**Exercise brief**
Since the records include pictures, leave those out while you reproduce exactly and only the lines from the one containing "Emergency Roof Repair Fulton, KS FAQs" through the one containing "Stabilo - Palette Rollerpen 268/41 Bleu", inclusive.

**Given records**
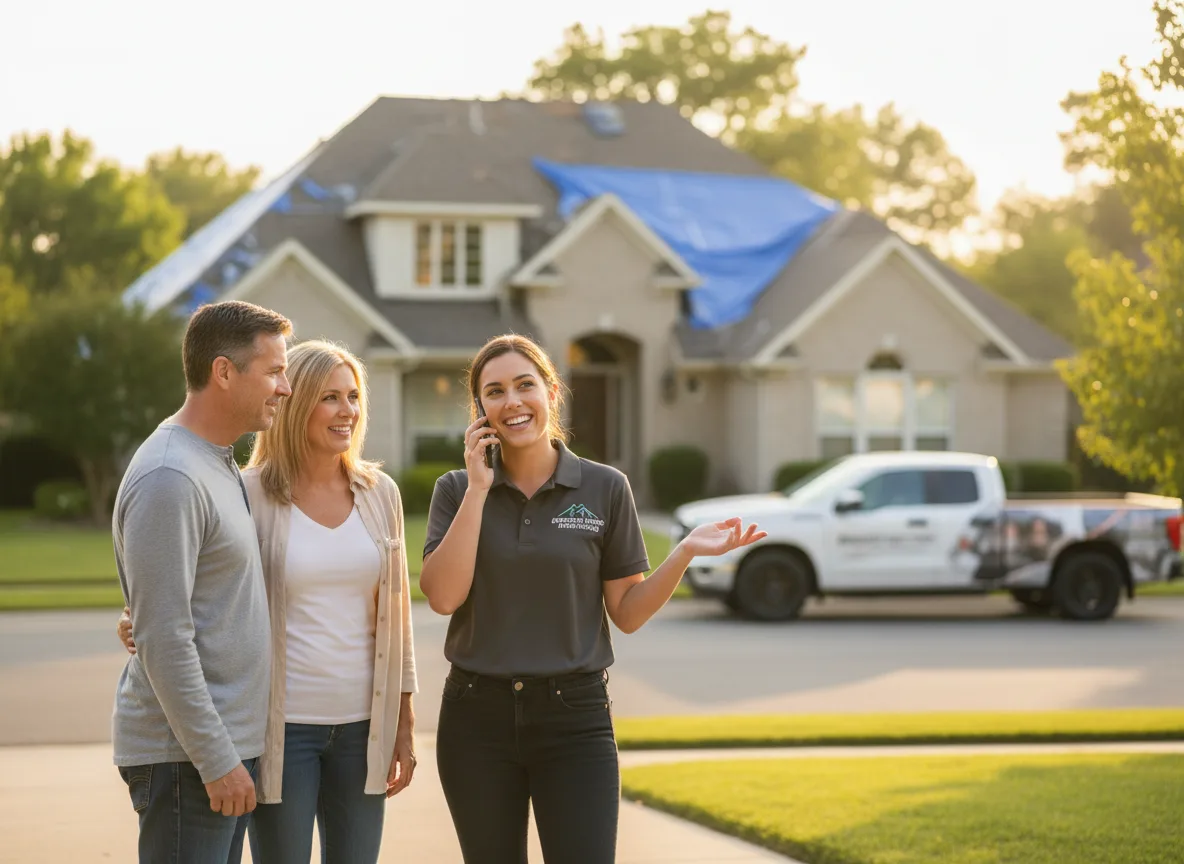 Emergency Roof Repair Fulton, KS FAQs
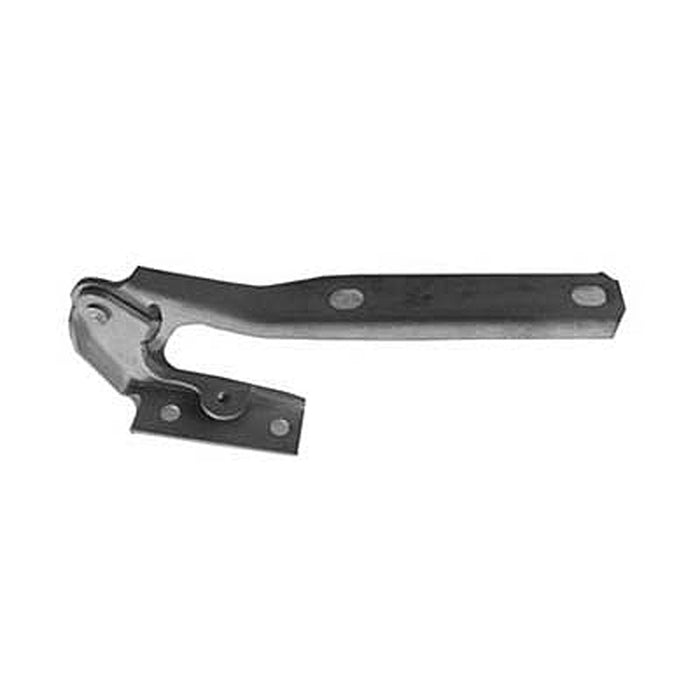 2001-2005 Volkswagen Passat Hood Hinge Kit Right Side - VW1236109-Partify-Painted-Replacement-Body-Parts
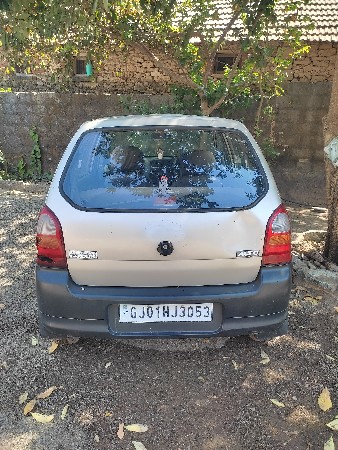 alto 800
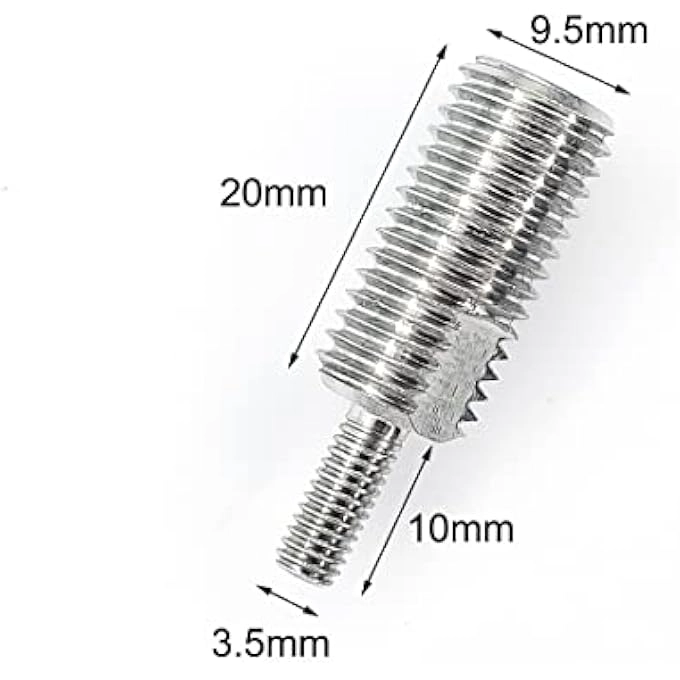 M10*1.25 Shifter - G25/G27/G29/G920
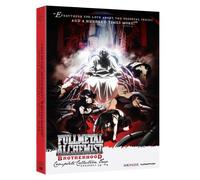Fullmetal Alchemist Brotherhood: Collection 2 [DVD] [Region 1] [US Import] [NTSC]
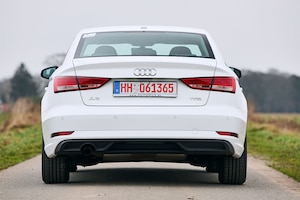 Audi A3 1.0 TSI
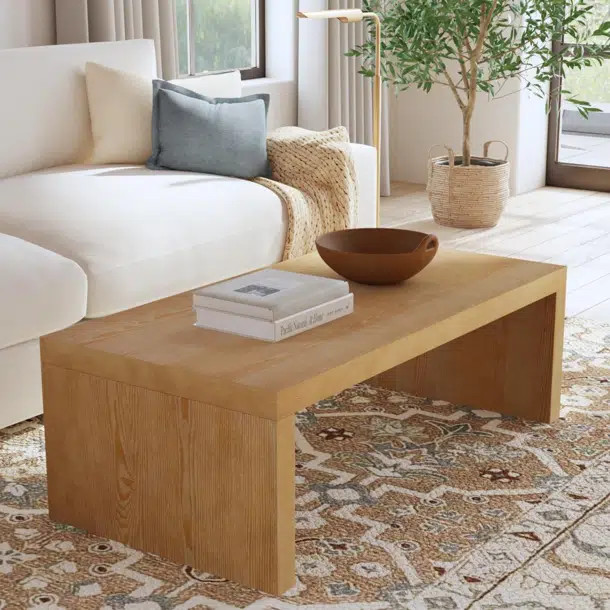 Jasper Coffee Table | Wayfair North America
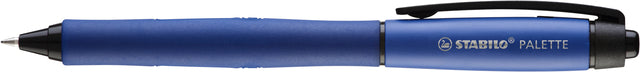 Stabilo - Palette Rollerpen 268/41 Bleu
--
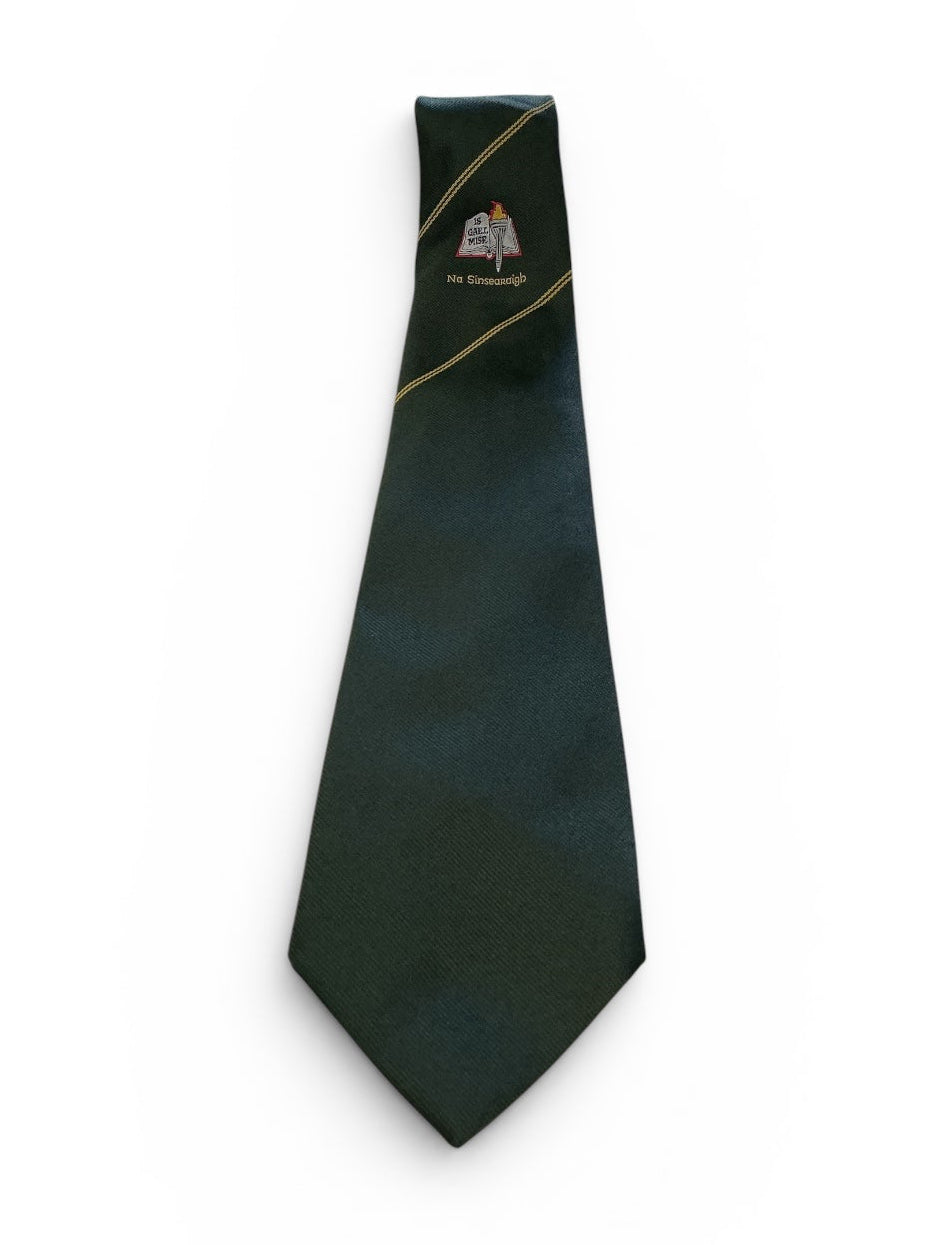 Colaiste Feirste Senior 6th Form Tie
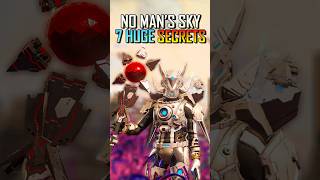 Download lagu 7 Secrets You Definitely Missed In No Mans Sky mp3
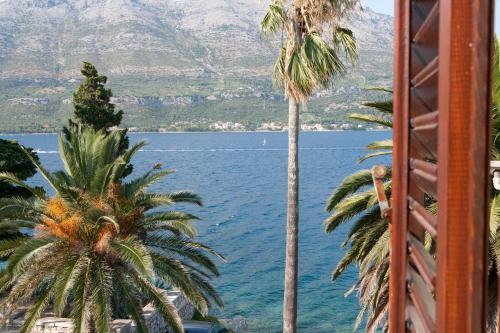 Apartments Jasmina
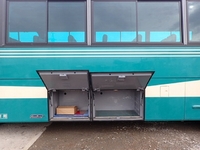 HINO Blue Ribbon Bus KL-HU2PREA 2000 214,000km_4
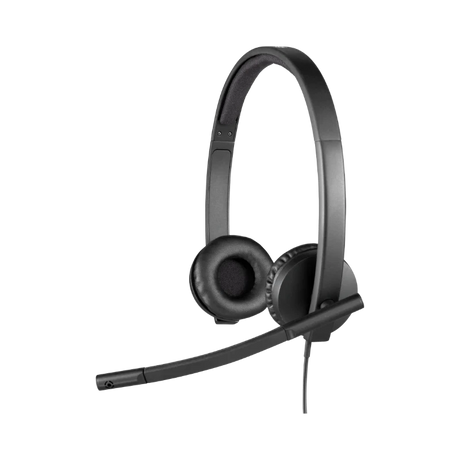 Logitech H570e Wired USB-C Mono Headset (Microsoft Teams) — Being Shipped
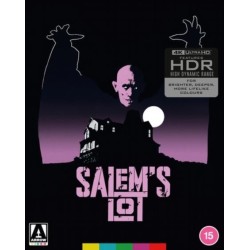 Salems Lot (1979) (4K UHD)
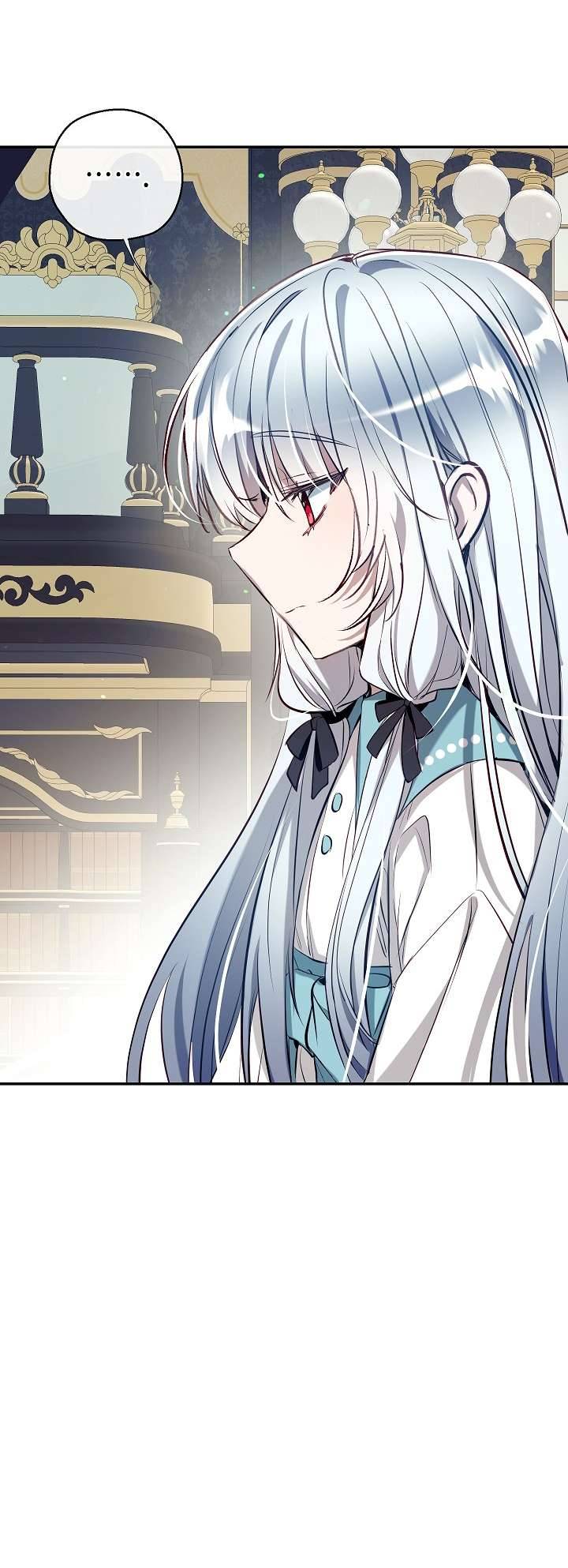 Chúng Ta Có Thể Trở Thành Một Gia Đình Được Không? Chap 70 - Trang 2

**Answer for the task**
 Emergency Roof Repair Fulton, KS FAQs
 2001-2005 Volkswagen Passat Hood Hinge Kit Right Side - VW1236109-Partify-Painted-Replacement-Body-Parts
 alto 800
 M10*1.25 Shifter - G25/G27/G29/G920
Fullmetal Alchemist Brotherhood: Collection 2 [DVD] [Region 1] [US Import] [NTSC]
 Audi A3 1.0 TSI
 Jasper Coffee Table | Wayfair North America
 Stabilo - Palette Rollerpen 268/41 Bleu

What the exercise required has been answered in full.